The data:
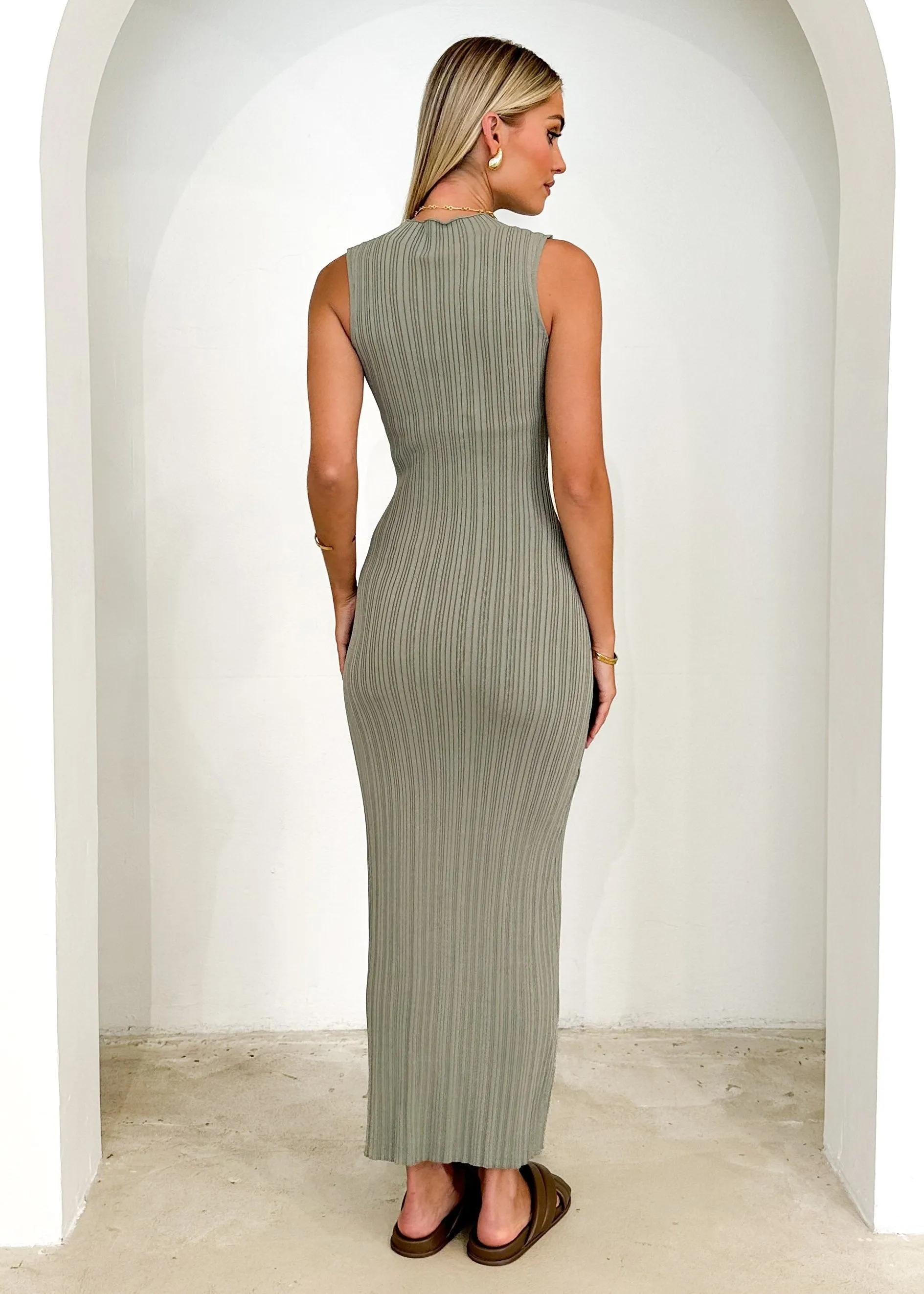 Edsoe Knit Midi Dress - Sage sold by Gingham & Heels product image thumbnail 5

* * *

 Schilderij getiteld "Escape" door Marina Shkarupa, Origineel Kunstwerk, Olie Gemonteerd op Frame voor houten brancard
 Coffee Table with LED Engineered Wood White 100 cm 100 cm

What you need to do:
Look back at the entries above. Retype the line with "voor houten brancard", the line with "Coffee Table with", and all lines in between.

Exercise answer:
 Schilderij getiteld "Escape" door Marina Shkarupa, Origineel Kunstwerk, Olie Gemonteerd op Frame voor houten brancard
 Coffee Table with LED Engineered Wood White 100 cm 100 cm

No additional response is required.